The recent bump in the price of copper has little to do with underlying fundamentals of supply and demand for the electrical industry's favorite metal. Countervailing forces in the world economy, combined with uncertainties about the size and movement of metals inventories within China, suggest that the dislocation between price and fundamentals may well continue.
Copper hit the highest prices seen in the past five months on Sept. 14, peaking at $3.85 per pound on the Comex market and $8,411 per tonne (metric ton) on the London Metals Exchange (LME), then gave back some ground the following week.

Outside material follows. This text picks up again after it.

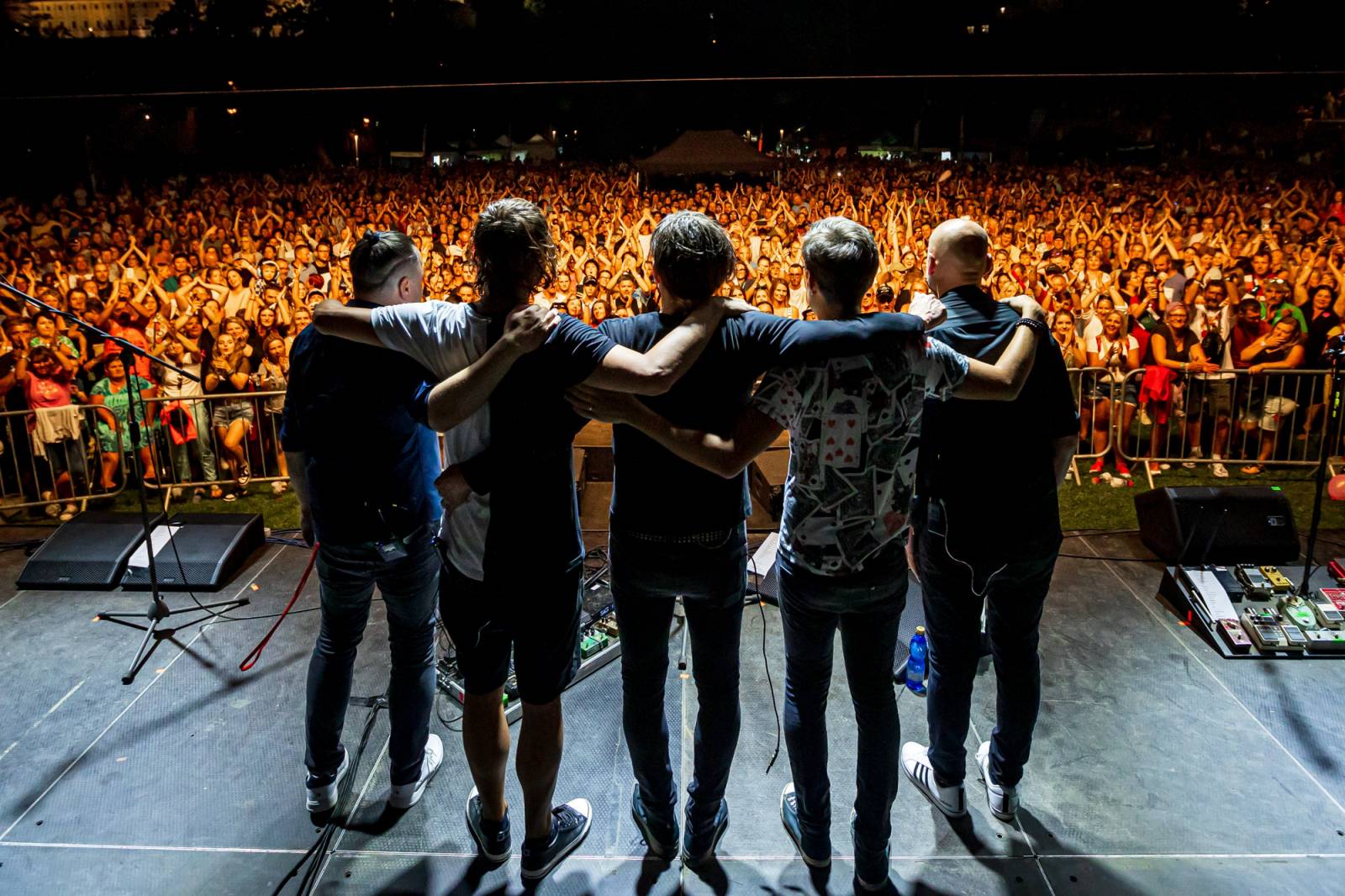 Chinaski v Kutné Hoře neplýtvali slovy, předskakovala jim Martyho Banda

The run-up was due to three primary factors — the announcement by the European Central Bank (ECB) of a new bond-buying program to support debt markets in Europe, anticipation of a third round of quantitative easing (QE3) by the U.S. Federal Reserve and an announcement by China that it would invest 1 trillion yuan (about $158 billion) in infrastructure projects to boost its economy, said John Gross, a long-time copper market analyst and publisher of The Copper Journal.
As a result, said Gross, “We had the dollar go down, and all metals, base metals as well as precious metals, moving higher in response. The markets are not necessarily moving higher based on stronger fundamentals, but rather on central bank easing here and in Europe, and on the Chinese side with their infrastructure projects, and that has brought copper up to a multi-month high.”

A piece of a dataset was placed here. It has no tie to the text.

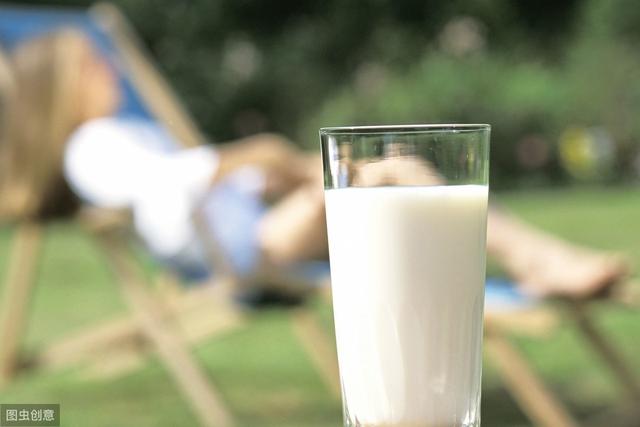 注意了，这6种牛奶坚决不能给孩子喝，再喜欢也不行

China's infrastructure program came amid successive months of slowing economic growth in the country that accounts for more than 40 percent of global demand. A report from HSBC and Markit found manufacturing output in China fell in August for the 11th straight month.

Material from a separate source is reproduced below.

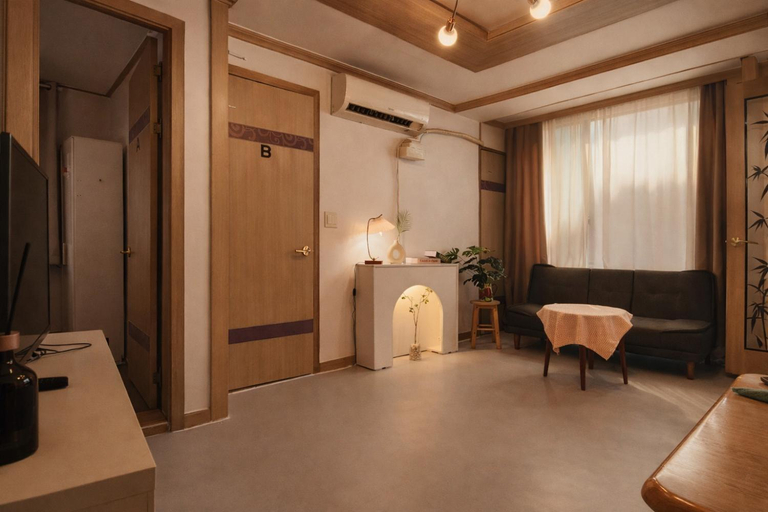 Others 4, 연지 White Linen House, Mapo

Getting a bead on China's actual consumption of copper is as difficult as it's critical to estimating future demand for copper. “Part of the difficulty is we don't have good transparency on China's statistics,” Gross said. “We can track the Shanghai inventories, but the copper that's in bonded warehouses remains a mystery to the market overall. There are assumptions out there that the metal has moved from 500,000 tonnes to 600,000 tonnes in bonded warehouses. But there's no way to tell.”